Exercise prompt :: Counting task for the entries below: give the number of lines that contain the word "double", with no other text.

[Crawled caption data]
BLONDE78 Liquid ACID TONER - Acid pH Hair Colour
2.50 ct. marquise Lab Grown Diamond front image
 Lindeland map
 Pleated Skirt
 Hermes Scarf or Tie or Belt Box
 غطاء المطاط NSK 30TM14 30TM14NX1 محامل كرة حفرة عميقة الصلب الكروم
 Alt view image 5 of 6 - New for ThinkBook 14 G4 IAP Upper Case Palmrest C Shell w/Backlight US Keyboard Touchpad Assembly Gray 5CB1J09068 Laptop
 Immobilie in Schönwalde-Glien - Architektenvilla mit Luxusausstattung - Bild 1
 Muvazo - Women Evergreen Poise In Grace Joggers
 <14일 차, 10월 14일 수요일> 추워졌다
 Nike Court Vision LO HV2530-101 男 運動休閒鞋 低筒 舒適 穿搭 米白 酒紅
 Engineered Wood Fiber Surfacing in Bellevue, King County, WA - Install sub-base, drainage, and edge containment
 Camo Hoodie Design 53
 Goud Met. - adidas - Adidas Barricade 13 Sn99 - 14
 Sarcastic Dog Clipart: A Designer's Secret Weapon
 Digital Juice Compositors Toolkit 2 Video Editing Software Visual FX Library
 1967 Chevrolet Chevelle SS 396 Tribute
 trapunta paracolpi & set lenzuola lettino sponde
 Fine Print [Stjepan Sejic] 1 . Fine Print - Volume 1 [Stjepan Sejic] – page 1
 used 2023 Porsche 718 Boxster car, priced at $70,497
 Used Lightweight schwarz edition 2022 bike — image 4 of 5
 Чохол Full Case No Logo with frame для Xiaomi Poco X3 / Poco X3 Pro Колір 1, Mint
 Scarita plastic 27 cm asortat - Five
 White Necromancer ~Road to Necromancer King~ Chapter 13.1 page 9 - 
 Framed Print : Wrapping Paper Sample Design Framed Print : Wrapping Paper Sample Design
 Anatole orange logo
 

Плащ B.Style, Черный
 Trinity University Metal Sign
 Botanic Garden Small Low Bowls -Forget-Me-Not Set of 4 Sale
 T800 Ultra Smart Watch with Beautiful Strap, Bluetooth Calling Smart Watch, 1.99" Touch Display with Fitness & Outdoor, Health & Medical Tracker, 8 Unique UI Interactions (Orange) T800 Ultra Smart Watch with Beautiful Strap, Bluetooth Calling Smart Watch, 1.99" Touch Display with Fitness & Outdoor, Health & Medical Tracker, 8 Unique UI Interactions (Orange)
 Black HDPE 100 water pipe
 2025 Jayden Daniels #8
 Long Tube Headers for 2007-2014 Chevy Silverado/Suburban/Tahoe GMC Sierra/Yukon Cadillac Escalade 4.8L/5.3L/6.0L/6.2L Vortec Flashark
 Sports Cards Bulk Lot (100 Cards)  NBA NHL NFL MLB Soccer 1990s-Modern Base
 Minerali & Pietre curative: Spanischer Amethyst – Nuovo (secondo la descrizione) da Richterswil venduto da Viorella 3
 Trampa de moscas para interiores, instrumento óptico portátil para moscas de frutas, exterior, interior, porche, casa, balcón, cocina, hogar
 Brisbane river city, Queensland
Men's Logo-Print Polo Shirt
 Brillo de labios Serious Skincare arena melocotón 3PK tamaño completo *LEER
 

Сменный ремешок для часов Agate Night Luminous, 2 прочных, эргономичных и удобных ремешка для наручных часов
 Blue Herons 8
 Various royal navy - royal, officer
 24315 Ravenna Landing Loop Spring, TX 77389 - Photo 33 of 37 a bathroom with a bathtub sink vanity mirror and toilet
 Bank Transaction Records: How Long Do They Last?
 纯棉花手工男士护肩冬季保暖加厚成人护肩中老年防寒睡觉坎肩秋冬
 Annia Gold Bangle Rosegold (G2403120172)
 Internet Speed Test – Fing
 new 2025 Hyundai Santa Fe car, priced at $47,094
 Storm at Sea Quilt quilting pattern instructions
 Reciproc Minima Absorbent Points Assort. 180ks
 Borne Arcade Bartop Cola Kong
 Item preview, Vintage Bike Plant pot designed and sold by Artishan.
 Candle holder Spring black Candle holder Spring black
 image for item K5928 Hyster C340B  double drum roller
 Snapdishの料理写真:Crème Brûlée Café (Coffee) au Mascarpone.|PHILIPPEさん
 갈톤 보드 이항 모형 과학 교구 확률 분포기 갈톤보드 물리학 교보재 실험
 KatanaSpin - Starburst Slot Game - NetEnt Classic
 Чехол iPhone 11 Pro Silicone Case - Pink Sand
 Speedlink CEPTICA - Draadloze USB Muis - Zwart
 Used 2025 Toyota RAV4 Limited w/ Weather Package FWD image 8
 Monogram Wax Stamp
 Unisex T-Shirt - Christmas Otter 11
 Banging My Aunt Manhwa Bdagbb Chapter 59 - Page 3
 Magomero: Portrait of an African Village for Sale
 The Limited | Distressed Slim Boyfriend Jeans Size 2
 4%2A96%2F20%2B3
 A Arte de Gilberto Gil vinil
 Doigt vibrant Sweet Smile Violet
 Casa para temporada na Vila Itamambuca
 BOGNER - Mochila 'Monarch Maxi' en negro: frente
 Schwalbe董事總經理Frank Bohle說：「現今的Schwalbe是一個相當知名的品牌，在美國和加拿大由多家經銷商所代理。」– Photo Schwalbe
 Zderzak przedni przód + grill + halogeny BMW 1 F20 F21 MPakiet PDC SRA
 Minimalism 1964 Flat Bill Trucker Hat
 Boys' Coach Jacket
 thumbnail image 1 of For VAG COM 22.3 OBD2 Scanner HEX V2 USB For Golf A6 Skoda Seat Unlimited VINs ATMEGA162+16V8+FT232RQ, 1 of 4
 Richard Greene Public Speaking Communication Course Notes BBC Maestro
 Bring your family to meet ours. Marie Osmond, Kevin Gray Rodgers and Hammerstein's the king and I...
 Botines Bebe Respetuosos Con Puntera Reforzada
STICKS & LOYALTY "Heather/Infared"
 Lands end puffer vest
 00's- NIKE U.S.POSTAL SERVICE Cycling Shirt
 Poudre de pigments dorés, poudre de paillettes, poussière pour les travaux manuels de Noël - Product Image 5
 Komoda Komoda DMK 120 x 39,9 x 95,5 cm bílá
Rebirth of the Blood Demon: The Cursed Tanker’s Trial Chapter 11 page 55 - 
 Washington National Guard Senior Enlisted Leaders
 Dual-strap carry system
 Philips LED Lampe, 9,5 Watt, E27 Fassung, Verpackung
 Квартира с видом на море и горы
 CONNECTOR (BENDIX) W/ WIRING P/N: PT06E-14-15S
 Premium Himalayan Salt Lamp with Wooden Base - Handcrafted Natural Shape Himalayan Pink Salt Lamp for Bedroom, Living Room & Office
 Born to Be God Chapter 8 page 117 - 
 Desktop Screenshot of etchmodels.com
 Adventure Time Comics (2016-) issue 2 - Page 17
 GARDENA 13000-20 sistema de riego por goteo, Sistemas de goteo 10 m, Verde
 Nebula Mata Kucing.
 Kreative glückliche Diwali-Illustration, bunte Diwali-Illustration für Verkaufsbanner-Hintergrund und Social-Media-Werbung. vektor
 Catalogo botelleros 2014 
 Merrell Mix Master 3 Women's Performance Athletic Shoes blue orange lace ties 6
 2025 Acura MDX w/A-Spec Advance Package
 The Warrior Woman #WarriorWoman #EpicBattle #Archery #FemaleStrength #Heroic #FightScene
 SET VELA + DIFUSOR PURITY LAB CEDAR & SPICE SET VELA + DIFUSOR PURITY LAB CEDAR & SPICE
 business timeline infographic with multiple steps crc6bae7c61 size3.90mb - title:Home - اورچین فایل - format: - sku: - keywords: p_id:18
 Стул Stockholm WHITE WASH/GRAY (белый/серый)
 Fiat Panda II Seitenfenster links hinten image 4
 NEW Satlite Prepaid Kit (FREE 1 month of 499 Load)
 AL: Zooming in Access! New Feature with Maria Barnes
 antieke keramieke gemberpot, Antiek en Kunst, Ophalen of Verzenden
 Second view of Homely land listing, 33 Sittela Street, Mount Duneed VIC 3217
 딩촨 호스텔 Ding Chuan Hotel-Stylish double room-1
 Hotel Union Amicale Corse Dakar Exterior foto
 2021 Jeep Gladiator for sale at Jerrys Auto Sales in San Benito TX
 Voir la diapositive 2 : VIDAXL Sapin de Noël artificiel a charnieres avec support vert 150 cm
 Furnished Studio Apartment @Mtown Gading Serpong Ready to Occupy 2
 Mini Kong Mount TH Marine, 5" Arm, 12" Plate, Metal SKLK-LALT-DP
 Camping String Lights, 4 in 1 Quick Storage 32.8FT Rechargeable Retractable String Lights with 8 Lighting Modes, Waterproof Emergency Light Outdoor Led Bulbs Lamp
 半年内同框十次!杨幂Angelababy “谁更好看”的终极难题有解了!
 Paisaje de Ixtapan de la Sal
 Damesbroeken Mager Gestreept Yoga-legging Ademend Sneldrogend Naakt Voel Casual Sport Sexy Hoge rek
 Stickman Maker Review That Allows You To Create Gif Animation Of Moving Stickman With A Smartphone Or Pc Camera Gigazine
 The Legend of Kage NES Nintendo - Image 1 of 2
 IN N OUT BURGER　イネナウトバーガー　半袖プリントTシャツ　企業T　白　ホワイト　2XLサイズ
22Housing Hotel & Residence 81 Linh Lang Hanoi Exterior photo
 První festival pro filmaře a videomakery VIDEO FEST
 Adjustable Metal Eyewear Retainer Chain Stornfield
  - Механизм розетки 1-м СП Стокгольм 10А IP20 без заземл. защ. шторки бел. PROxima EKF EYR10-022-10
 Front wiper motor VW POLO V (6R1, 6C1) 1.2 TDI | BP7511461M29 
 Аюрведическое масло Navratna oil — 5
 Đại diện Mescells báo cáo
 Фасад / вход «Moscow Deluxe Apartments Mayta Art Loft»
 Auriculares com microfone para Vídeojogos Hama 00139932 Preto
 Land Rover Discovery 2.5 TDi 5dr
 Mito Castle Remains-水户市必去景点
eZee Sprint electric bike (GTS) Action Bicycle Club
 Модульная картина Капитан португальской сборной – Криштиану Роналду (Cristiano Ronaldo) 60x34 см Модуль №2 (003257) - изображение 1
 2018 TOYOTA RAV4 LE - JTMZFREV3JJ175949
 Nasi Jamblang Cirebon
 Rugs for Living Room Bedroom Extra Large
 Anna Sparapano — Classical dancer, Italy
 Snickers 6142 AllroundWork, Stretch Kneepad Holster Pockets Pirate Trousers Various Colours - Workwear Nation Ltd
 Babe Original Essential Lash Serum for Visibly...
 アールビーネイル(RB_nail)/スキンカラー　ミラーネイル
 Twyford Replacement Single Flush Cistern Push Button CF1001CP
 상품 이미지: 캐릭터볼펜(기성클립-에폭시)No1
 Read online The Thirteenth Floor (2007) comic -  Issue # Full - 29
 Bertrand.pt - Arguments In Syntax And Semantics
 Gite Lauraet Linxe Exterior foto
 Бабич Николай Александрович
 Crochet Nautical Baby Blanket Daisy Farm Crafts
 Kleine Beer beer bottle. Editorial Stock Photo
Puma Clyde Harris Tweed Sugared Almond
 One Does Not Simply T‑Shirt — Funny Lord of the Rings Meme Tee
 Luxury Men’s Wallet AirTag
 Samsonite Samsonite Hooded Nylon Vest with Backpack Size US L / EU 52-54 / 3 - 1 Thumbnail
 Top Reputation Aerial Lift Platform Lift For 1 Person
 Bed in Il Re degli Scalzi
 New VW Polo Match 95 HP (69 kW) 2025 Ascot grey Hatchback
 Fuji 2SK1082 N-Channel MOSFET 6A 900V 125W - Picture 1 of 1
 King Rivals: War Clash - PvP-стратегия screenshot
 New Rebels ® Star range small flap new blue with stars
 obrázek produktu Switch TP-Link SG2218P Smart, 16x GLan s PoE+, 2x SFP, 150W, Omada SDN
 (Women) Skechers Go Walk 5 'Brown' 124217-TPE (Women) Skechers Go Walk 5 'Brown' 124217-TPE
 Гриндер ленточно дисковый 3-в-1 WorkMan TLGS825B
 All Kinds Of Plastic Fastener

Reply to the exercise :: 2